▸ **EXERCISE DATA**
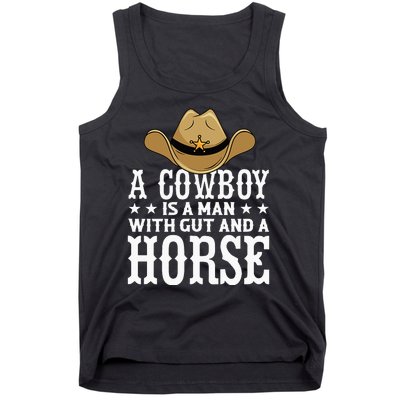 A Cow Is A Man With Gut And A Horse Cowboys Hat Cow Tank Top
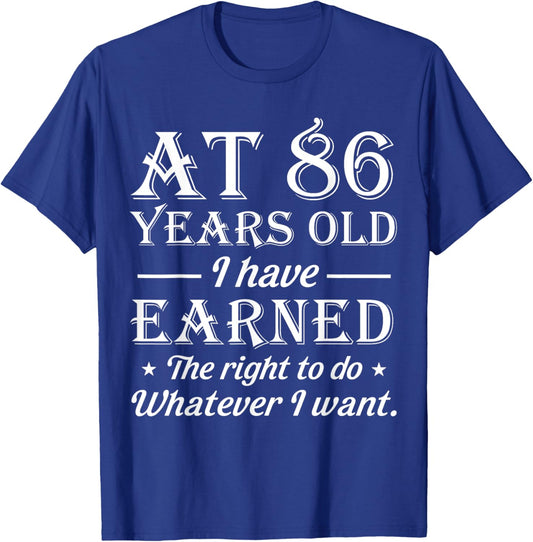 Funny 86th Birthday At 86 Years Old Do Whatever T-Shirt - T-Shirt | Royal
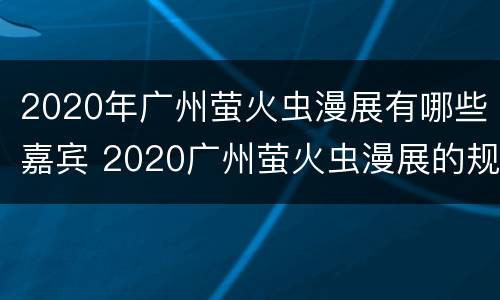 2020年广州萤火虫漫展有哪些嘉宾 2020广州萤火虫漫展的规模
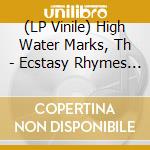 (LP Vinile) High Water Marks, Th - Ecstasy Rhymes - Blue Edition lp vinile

▸ **PROBLEM**
Omitting all pictures, restate word for word the lines from the one containing "Funny 86th Birthday" through the last line of the data.

▸ **ANSWER SPACE**
 Funny 86th Birthday At 86 Years Old Do Whatever T-Shirt - T-Shirt | Royal
 2020年广州萤火虫漫展有哪些嘉宾 2020广州萤火虫漫展的规模
 (LP Vinile) High Water Marks, Th - Ecstasy Rhymes - Blue Edition lp vinile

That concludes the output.